マイクロサービスと「Red Hat OpenShift Container Platform with Runtimes」の基礎知識
マイクロサービスとは
「マイクロサービス」とは、ソフトウェア開発手法の1つで、システムを疎に結合した複数の小さなサービスで実現します。各サービスはそれぞれ独立して動作するように設計し、Web APIなどを通じてデータのやり取りを行います。
マイクロサービスの一番のメリットは、変更のハードルが低く、日々変化していくニーズへ迅速に対応できるシステムを実現できる点です。マイクロサービスでは、システムを独立したサービスに分割するため、業務変更の影響が独立したサービスの範囲に極小化されます。特に、大規模で肥大化しやすい業務システムをはじめ、柔軟で迅速な変化が求められるようなシステムに有効です。

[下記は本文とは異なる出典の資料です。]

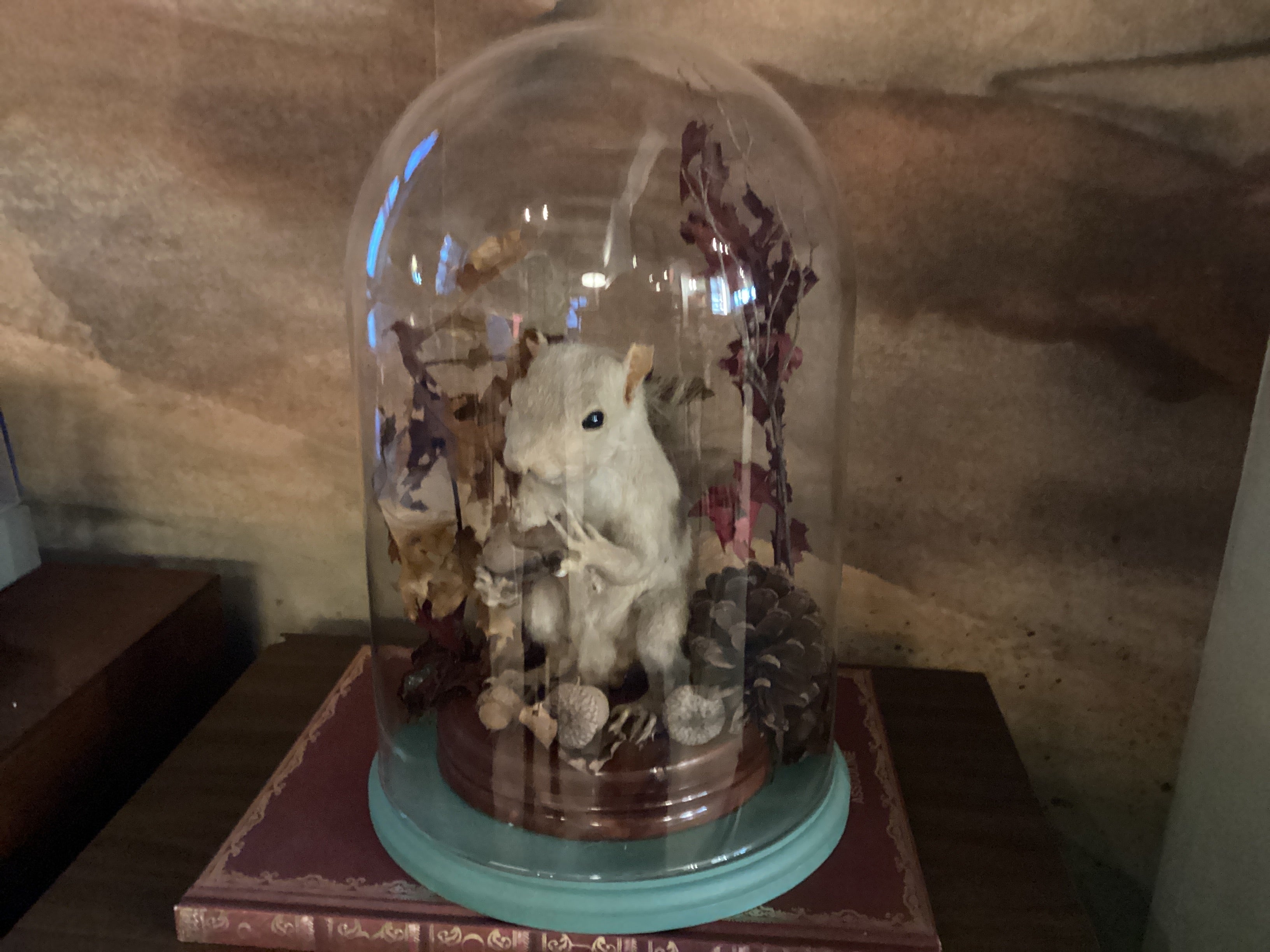 V. White Squirrel Taxidermy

マイクロサービスの考え方自体は古くから存在していましたが、広く認知されるようになったのはJames Lewis, Martin Fowlerが公開したBlog記事からでしょう。最近ではコンテナ技術の普及やクラウドサービスの発展により、マイクロサービスの実現は容易になってきました。
マイクロサービス導入における課題
マイクロサービスは、柔軟で迅速な変化に対応できるシステムの実現に有効ですが、導入においては以下のような課題もあります。
・リソースの増加
サービスを分割して実装するには、サービスそれぞれにOSやミドルウェアなどのリソースが必要となるため、単純にサービス毎に物理マシンや仮想マシン環境を用意するにはコストがかかります。これらのコストは、膨大なサービスを稼働するうえでは無視できない問題となってきます。
・運用負荷の増大
マイクロサービスでは、業務システムを複数のサービスに分割して実装するため、同時に数十~数百ものサービスを運用・管理する必要があります。これらの膨大な数のサービスを安定稼働させるためには、人手に頼った方法では限界が出てきます。

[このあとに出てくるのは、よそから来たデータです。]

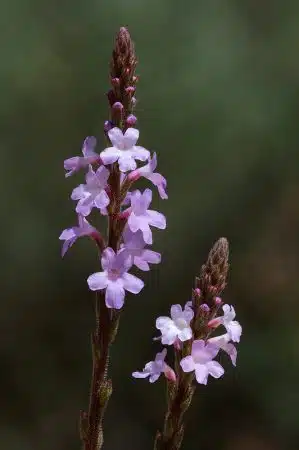 flori verbina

・多様化・複雑化するランタイムソフトウェア/ミドルウェアの管理
各サービスを稼働するためのランタイムソフトウェアやミドルウェアの管理も問題となってきます。マイクロサービスでは各サービスが独立して開発されるため、利用するソフトウェアやそのバージョン管理による品質維持も重要です。
マイクロサービスを導入するには、他にも様々な課題に対応していく必要があります。以前よりもマイクロサービスの実現が容易になってきたとはいえ、これらの問題への対処は簡単ではありません。しかし、日々発展していくソフトウェアによって、より良い方向に改善されてきています。
本連載ではマイクロサービス導入における課題を解決し、柔軟で迅速な変化に対応できるシステムを実現するためのソフトウェアを紹介していきます。
コンテナによる課題解決
マイクロサービスに欠かせない技術としてコンテナがあります。コンテナとは、アプリケーションや依存するランタイムソフトウェアを1つに格納したものです。OS上にコンテナ基盤を導入し、複数のコンテナでマシンが持つリソースやOSを区切って利用します。
仮想マシンで一般的なハイパーバイザー型仮想化とコンテナ型仮想化との比較を表に示します。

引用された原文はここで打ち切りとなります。